• Exercise aim
Every line from the one with "Children injured in" through the end of the entries below should be written out exactly; the pictures should not.

Top of Dataset entries

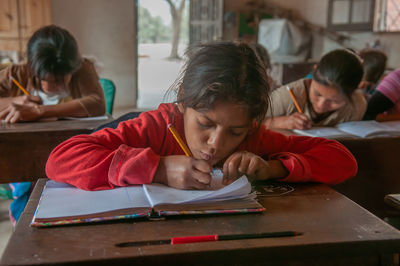 High angle view of girl and book on table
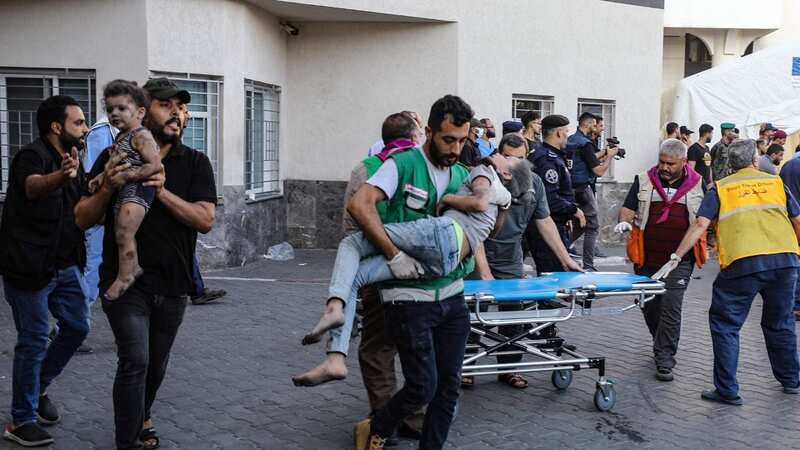 Children injured in an Israeli strike are rushed to the Al-Shifa hospital in Gaza City (Image: AFP via Getty Images)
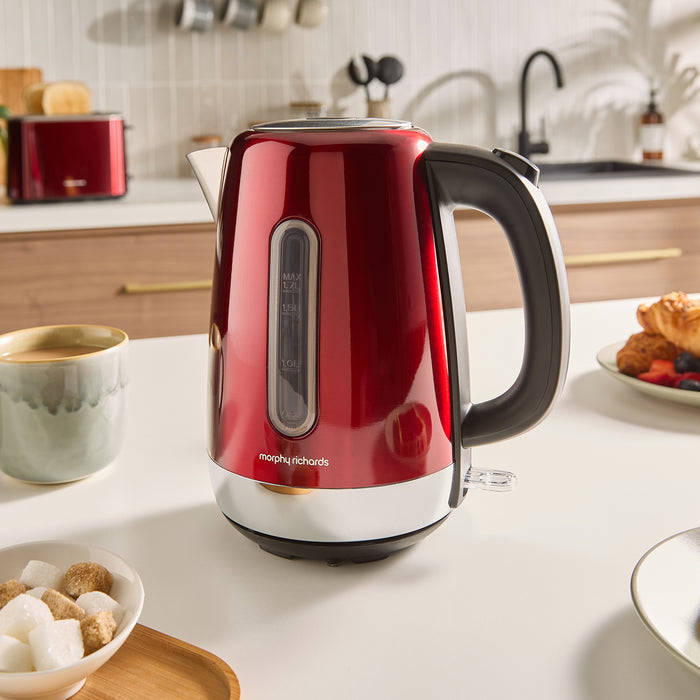 Red Morphy Richards kettle on a kitchen counter with a cup of coffee and breakfast items.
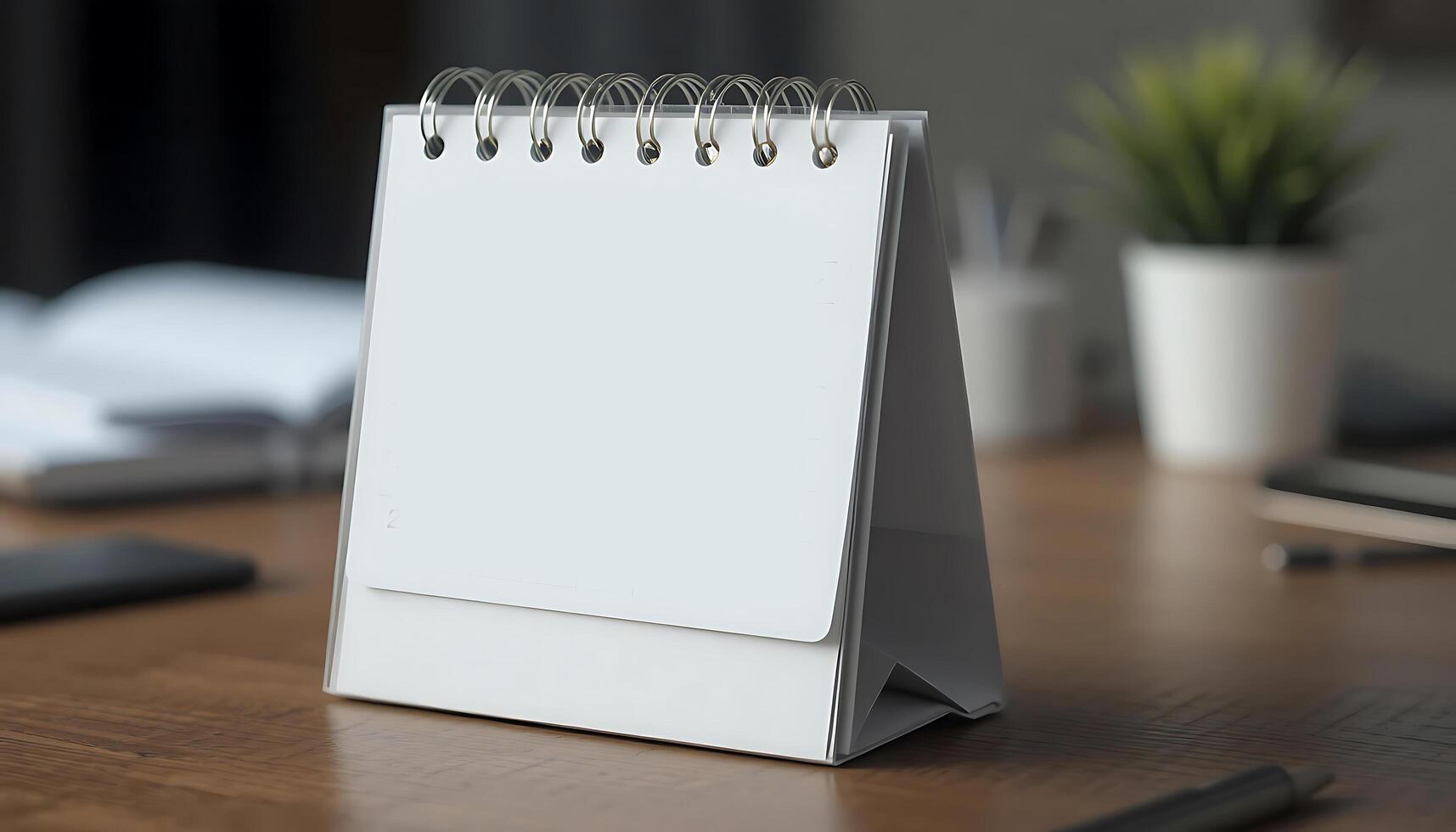 Desk calendar mockup blank on table. Blank paper desk spiral calendar. business planning and corporate design concept. white calendar photo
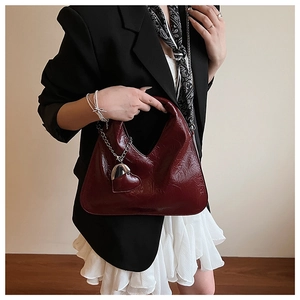 Detail of burgundy glossy patent leather dumpling bag with heart chain charm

Bottom of Dataset entries

• Solution
 Children injured in an Israeli strike are rushed to the Al-Shifa hospital in Gaza City (Image: AFP via Getty Images)
 Red Morphy Richards kettle on a kitchen counter with a cup of coffee and breakfast items.
 Desk calendar mockup blank on table. Blank paper desk spiral calendar. business planning and corporate design concept. white calendar photo
 Detail of burgundy glossy patent leather dumpling bag with heart chain charm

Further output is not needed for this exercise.